Supplied information:
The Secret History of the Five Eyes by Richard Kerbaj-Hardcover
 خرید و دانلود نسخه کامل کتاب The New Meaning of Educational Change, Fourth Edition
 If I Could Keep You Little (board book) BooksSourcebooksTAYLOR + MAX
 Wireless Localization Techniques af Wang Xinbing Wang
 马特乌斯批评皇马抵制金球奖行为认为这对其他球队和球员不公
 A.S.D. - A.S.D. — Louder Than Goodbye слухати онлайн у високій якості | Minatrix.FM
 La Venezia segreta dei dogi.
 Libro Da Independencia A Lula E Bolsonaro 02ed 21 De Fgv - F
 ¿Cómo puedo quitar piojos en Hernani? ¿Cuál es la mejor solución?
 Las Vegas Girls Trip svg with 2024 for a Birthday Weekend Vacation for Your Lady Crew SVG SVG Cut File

Activity:
All of the material is to be written out exactly.

Written reply:
The Secret History of the Five Eyes by Richard Kerbaj-Hardcover
 خرید و دانلود نسخه کامل کتاب The New Meaning of Educational Change, Fourth Edition
 If I Could Keep You Little (board book) BooksSourcebooksTAYLOR + MAX
 Wireless Localization Techniques af Wang Xinbing Wang
 马特乌斯批评皇马抵制金球奖行为认为这对其他球队和球员不公
 A.S.D. - A.S.D. — Louder Than Goodbye слухати онлайн у високій якості | Minatrix.FM
 La Venezia segreta dei dogi.
 Libro Da Independencia A Lula E Bolsonaro 02ed 21 De Fgv - F
 ¿Cómo puedo quitar piojos en Hernani? ¿Cuál es la mejor solución?
 Las Vegas Girls Trip svg with 2024 for a Birthday Weekend Vacation for Your Lady Crew SVG SVG Cut File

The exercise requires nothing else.